JGB futures edge down, weak data limits losses
TOKYO, Jan 30 (Reuters) - Japanese government bond futures edged down on Wednesday as investors booked more profits from this month's rally, but losses were limited after weak production data supported expectations for a Bank of Japan rate cut.
Investors sold short- and medium-term cash bonds that they snapped up during the stock market plunge that drove the Nikkei share average to 2-½ year lows last week.
Dealers said investors rushed to cut back positions ahead of the outcome of the Federal Reserve's two-day policy meeting later in the day and an auction for two-year JGB notes on Thursday.
Futures stayed under selling pressure even after rebounding into positive territory at one point, helped by data that showed Japan's industrial production rose less than expected in December.
"Market players are still heavily in long positions in short- and medium-term notes, which saw steep falls in yields this month," a senior interest rate derivative trader at a Japanese bank said.

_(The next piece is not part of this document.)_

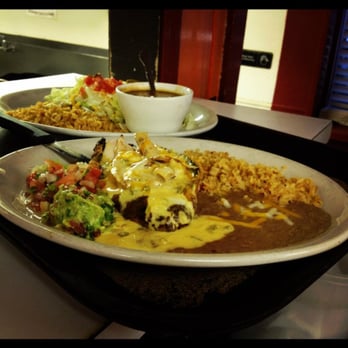 Senor Fajitas - Excellent Chile Rellenos - Mexican Near Me - Tulsa, Oklahoma Senor Fajitas - Excellent Chile Rellenos - Mexican Near Me - Tulsa, Oklahoma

"Position adjustment is outweighing the positive impact of the economic data."
March 10-year futures 2JGBv1 fell 0.07 point to 137.43, having earlier risen to 137.55 from the day's low of 137.25. Futures had rallied to a 28-month high of 139.15 last week.
The five-year yield JP5YTN=JBTC rose 1.5 basis points to 0.915 percent and climbed as high as 0.920 percent, up 15.5 basis points from a two-year low hit last week.

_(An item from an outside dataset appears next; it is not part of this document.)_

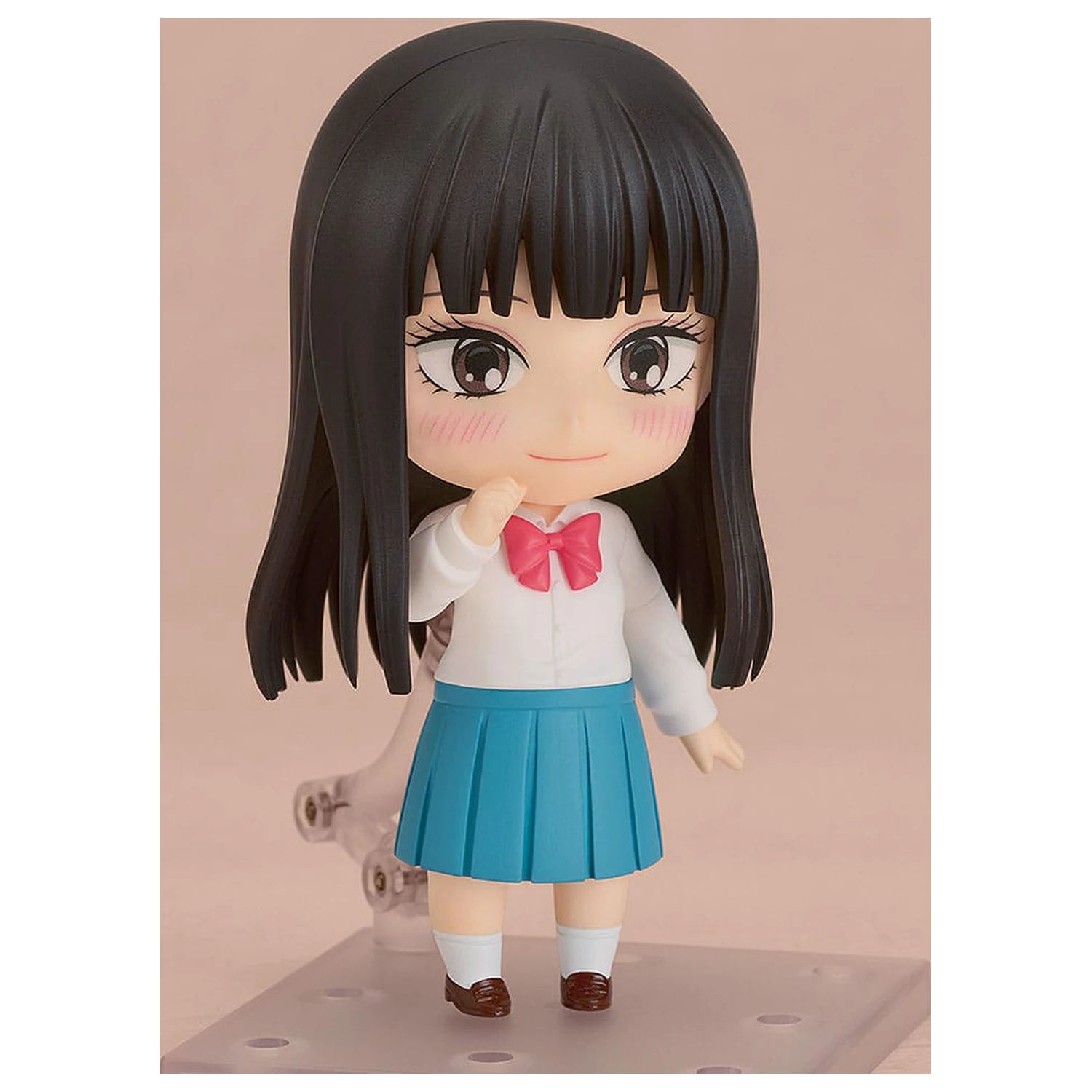 Kimi ni Todoke Nendoroid Action Figure Sawako Kuronuma 2.0 10 cm  product photo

The two-year yield JP2YTN=JBTC rose 2 basis points to 0.565 percent. The two-year last week fell as far as 0.485 percent on growing expectations for a BOJ rate cut this year, pushing it below the central bank's overnight rate target of 0.5 percent.

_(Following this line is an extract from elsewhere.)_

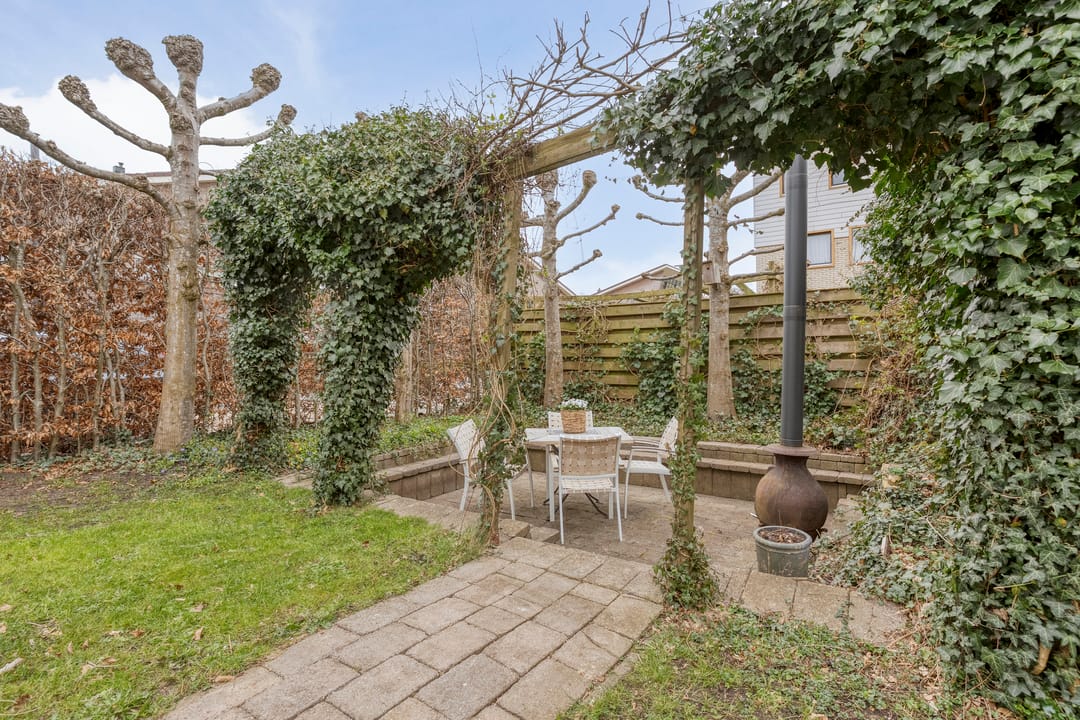 Foto 46 van De Maat 6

The benchmark 10-year bond yield JP10YTN=JBTC inched down a half basis point to 1.460 percent, but stayed well above a 28-month low of 1.310 percent hit last week.
GLOOMY OUTLOOK
Japan's December production data suggested that companies are starting to feel the effect of slowing U.S. growth and a domestic housing slump. Their gloomy output forecasts for January and February kept investors worried that a potential U.S. recession might force the BOJ to cut interest rates this year.
"The production outlook for both January and February is worsening. It is a big concern for the economy," said Tetsuya Miura, a bond strategist at Shinko Securities.
"The data is likely to provide support to the JGB market."
Japan's industrial output rose 1.4 percent in December from the previous month, falling short of an expected increase of a 2.0 percent.
Manufacturers' output, the core component of production, is expected to fall 0.4 percent in January and to drop 2.2 percent in February, data showed. [ID:nT87979]
On Tuesday, fed fund futures showed investors pared perceived chances for the Fed to cut rates by a half percentage point on Wednesday when it ends a two-day policy meeting, though they were still betting strongly on such an outcome following last week's emergency rate cut.